DATA SEGMENT
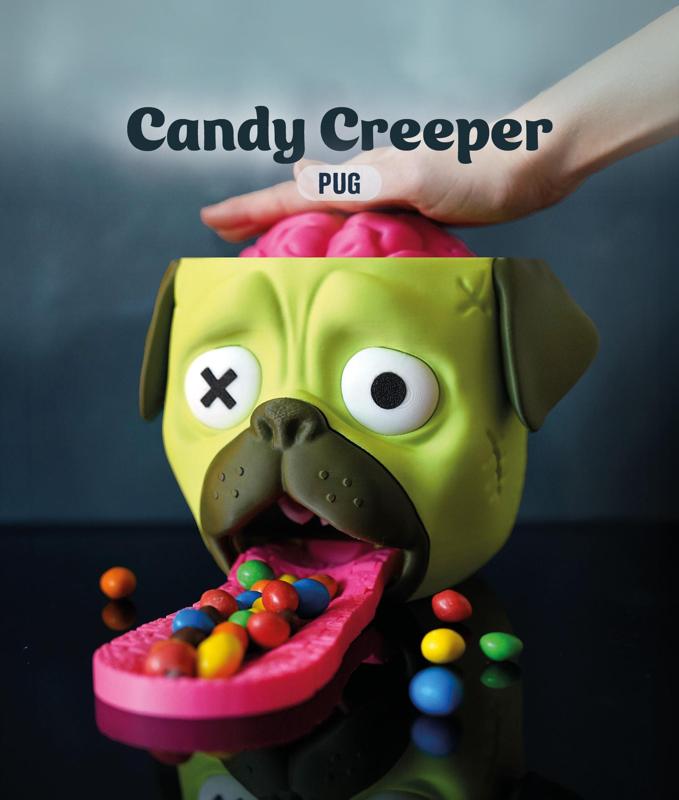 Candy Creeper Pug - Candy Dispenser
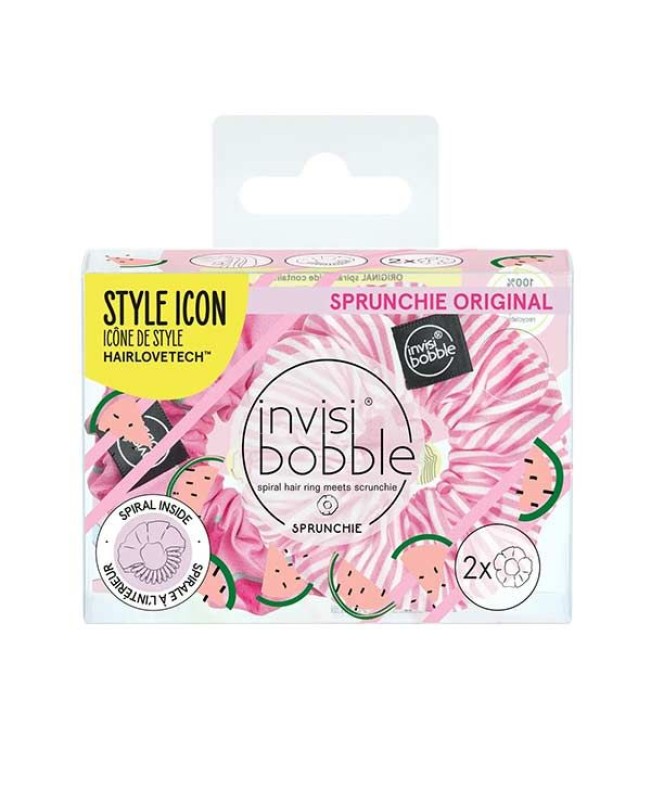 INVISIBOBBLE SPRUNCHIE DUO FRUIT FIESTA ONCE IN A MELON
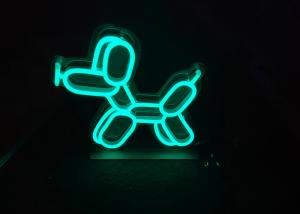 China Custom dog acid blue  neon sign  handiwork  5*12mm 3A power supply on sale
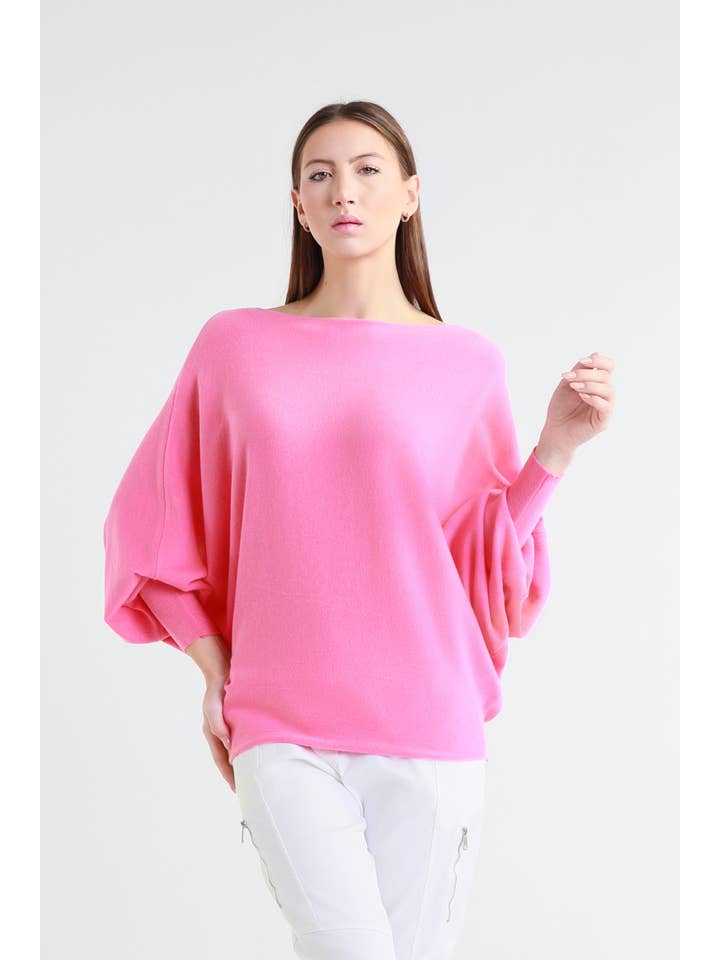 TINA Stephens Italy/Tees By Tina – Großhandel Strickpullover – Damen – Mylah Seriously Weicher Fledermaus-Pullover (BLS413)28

EXERCISE
The expected result is the complete listing above, printed exactly, with no pictures.

TASK RESPONSE
 Candy Creeper Pug - Candy Dispenser
 INVISIBOBBLE SPRUNCHIE DUO FRUIT FIESTA ONCE IN A MELON
 China Custom dog acid blue  neon sign  handiwork  5*12mm 3A power supply on sale
 TINA Stephens Italy/Tees By Tina – Großhandel Strickpullover – Damen – Mylah Seriously Weicher Fledermaus-Pullover (BLS413)28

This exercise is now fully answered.